Once you reach the line with "Fig. 1.3. The", copy it and every line after it exactly, up to the end of the data. Omit the pictures.

▸ Data section:
********

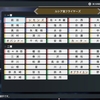 【オリジナル球団紹介】ルシア堂フライヤーズ【スピナンバー公開】
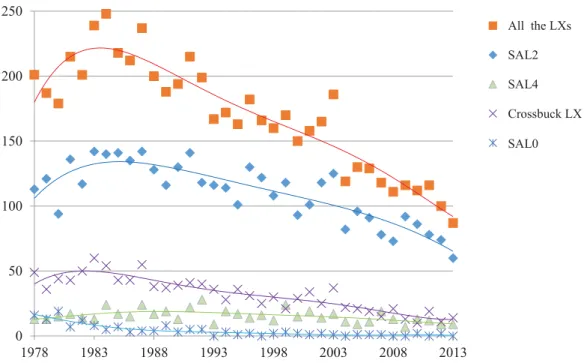 Fig. 1.3. The number of collisions (train-MV) at dierent types of LX in France from 1978 to 2013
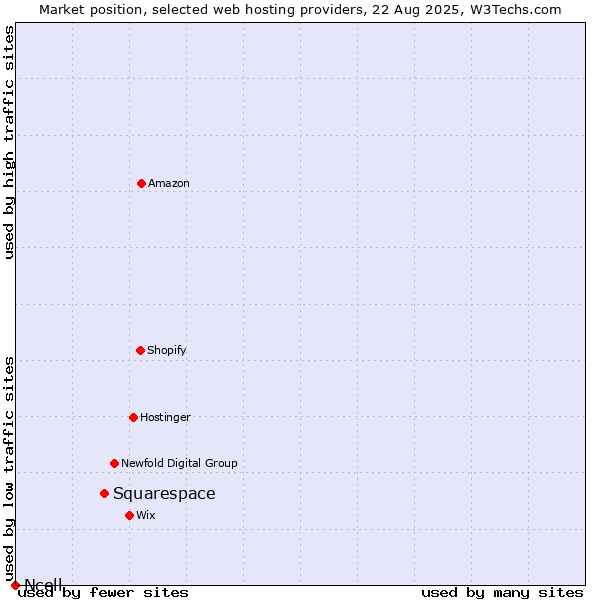 Market position of Squarespace vs. Ncell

********

▸ Response:
 Fig. 1.3. The number of collisions (train-MV) at dierent types of LX in France from 1978 to 2013
 Market position of Squarespace vs. Ncell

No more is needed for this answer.